Tras oírle, pensé lo siguiente: he aquí un hombre bueno que
nunca ha sido desleal con nadie y, sin embargo, con él lo
han sido siempre todos. No obstante, el hombre acabó
apostillando: “Aún así, es decir, por más que me hayan
defraudado todos mis amigos, yo seguiré haciendo uso y abuso
de la cualidad de leal”.
Así que dije para mis adentros: este Fulano debe de tener
madera de santo o de necio; por lo que, ante la duda, creo
que jamás deberé confiar en él. Quiero decir, que jamás se
me debería ocurrir confiar en su persona, salvo que lo
tratado sea asunto de escasa importancia.
Las siguientes intervenciones, dos o tres más a lo sumo,
apenas aportaron nada a la deliberación que sobre la lealtad
había hecho acto de presencia, en un momento determinado y
sigo creyendo que sin venir a cuento, cuando se unió a la
reunión José Antonio Muñoz, editor de este periódico.

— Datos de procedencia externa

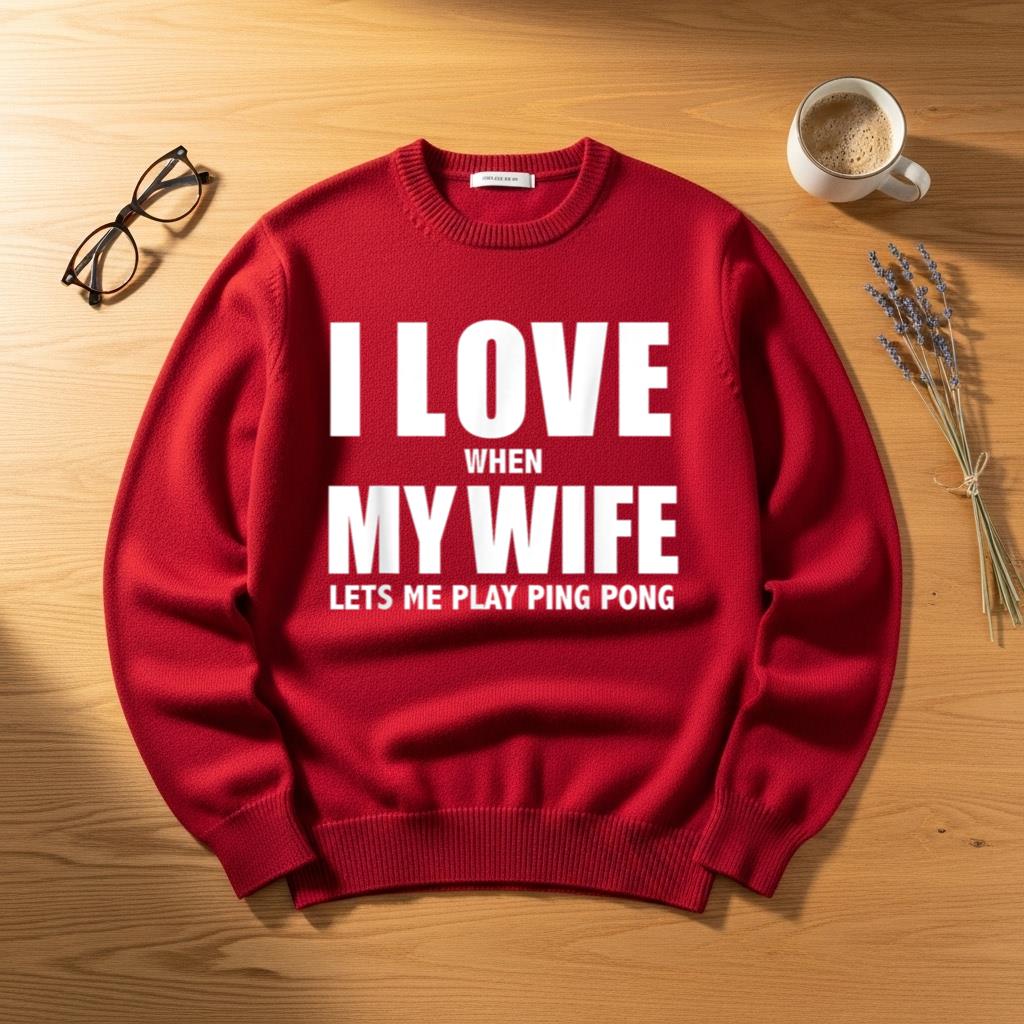 I Love My Wife she lets me play ping pong player Whipped - Image 4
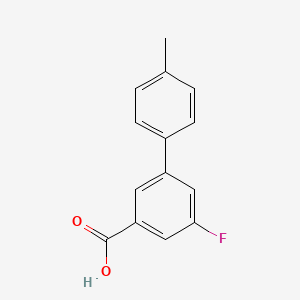 molecular formula C14H11FO2 B580934 5-Fluoro-3-(4-methylphenyl)benzoic acid CAS No. 1261978-89-5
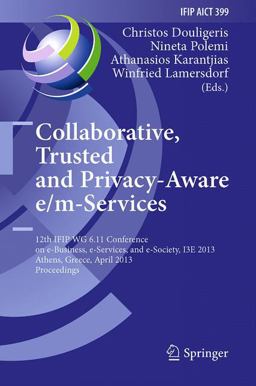 Collaborative, Trusted and Privacy-Aware E/m-Services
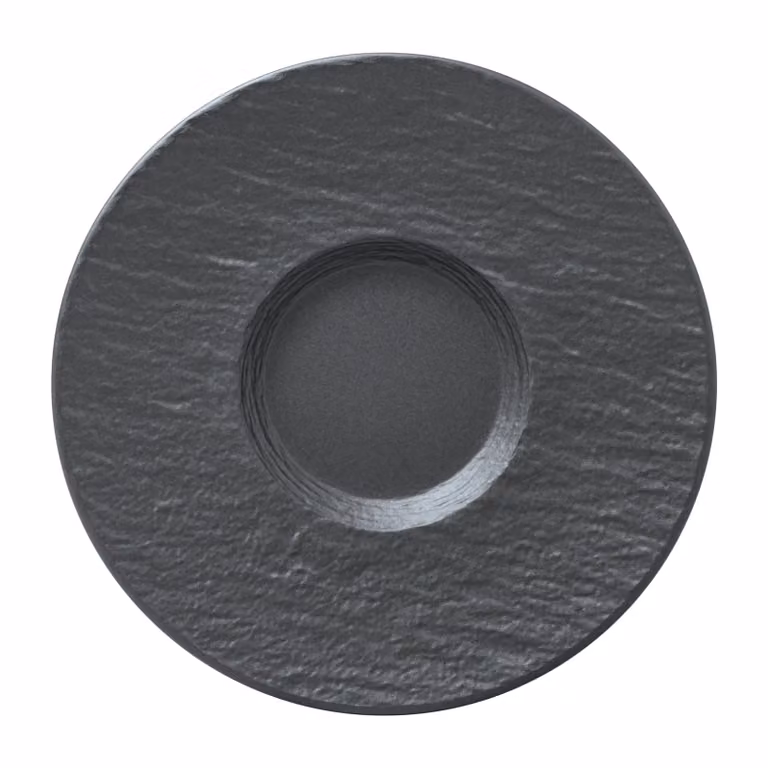 Villeroy & Boch Manufacture Rock koffieschoteltje, zwart/grijs, B/D/H: 15,5 x 15,5 x 2 cm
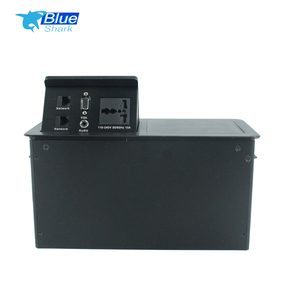 Prise <span class=keywords><strong>de</strong></span> courant escamotable multifonctionnelle universelle pour bureau à domicile, avec ports USB intégrés - Product Image 2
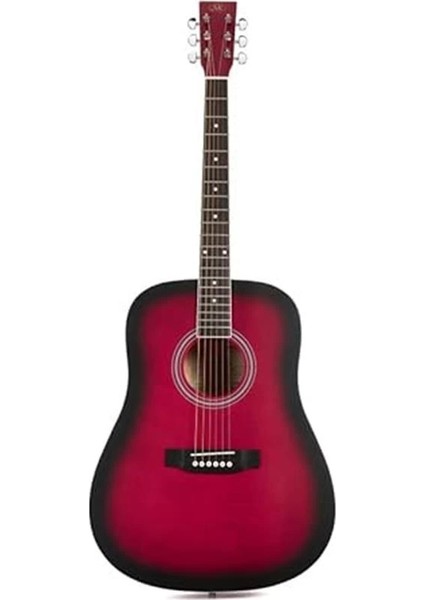 SD104RDS Akustik Gitar (Kırmızı)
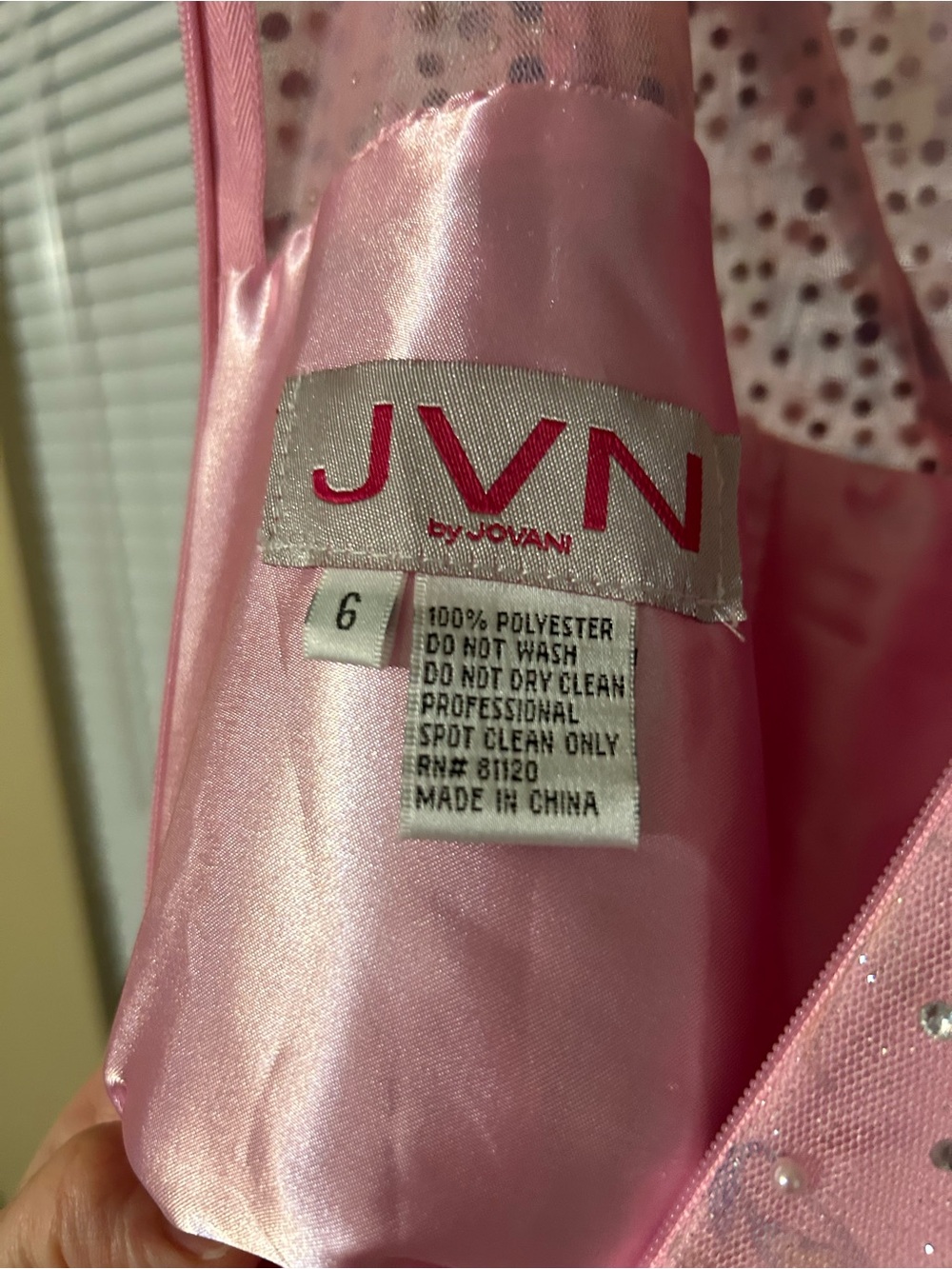 Jovani Pink Sheer Corset Pearl/Rhinestone Dress NWT $1,100 Size 6 - Picture 13 of 15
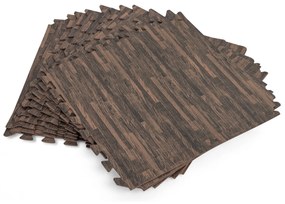 Bestway Penová podložka k záhradnému bazénu Imitácia dreva 12 ks 50x50cm 58712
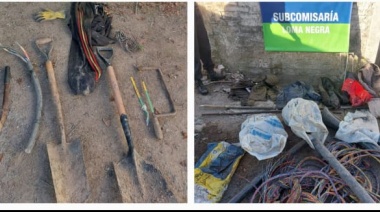 Encontraron 200 kilos de cables e investigan su procedencia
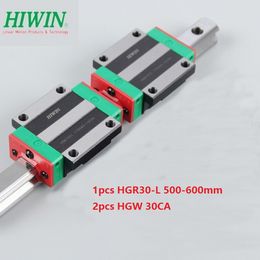 1pcs Original New HIWIN HGR30-500mm/600mm linear rail/guide + 2pcs HGW30CA /HGW30CC linear Flange Carriage for CNC router parts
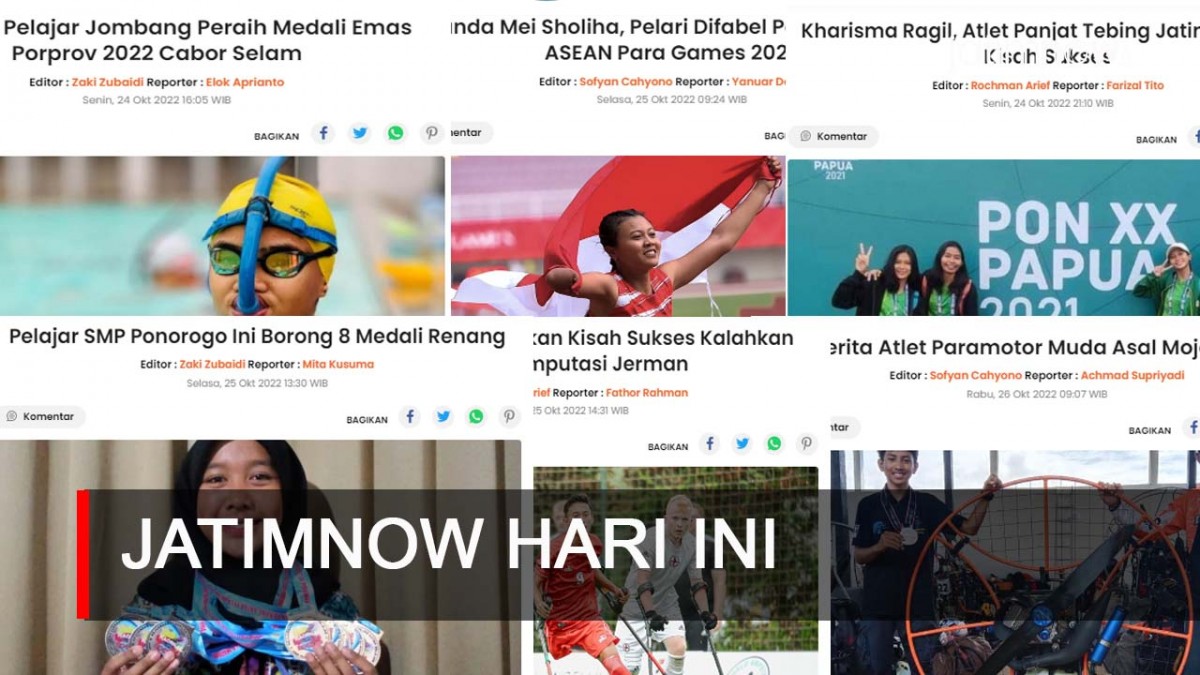 Jatimnow Hari Ini: Pemuda Hebat dari Jawa Timur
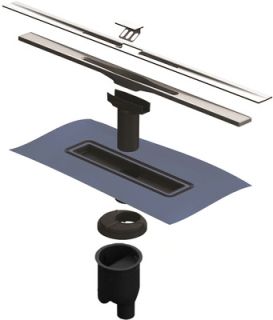 Душевой лоток Berges Wasserhaus Simpel 090010 40 Матовый хром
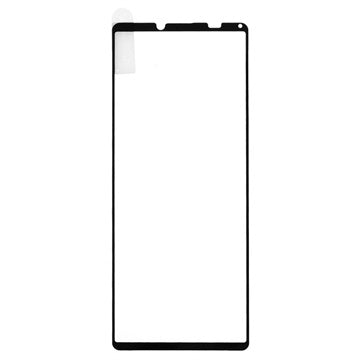 Full Cover Sony Xperia 10 III, Xperia 10 III Lite Hærdet Glas - 9H, 0.3mm - Sort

Y alguien me recordó que yo había sido el único que todavía
no había dicho ni pío acerca del tema que se estaba
debatiendo: la lealtad.
Y después de carraspear lo suficiente para aclarar mi voz,
que en otoño suele jugarme malas pasadas, no tuve el menor
inconveniente en expresar mi concepto de lealtad: la
lealtad, copyraight de Sabino Fernández Campo, es
decir siempre lo que sientes y estar dispuesto a dejar tu
puesto si lo que dices no gusta. Mi respuesta hizo posible
que el silencio primara durante unos segundos que se
hicieron eterno. Segundos aprovechados por mí para cambiar
de tercio: en tiempo de tormenta lo mejor es buscar un buen
cobijo, y el mío ha sido siempre la palabra razonada, mi
actitud en la vida diaria y mi alejamiento de todo aquello
que parecía tan exagerado. Al final, cada uno tiene que
batallar con sus propias mentiras. En esta ciudad hay dos
mentirosos que llevan muchos años viviendo de sus mentiras.
Y con esas mentiras, sin duda alguna, han conseguido hacerse
ricos. Lo malo del asunto es que la envidia, que va tan
flaca y amarilla porque muerde y no come -Quevedo-,
los va a matar. ¿Nombres...? Son muy conocidos.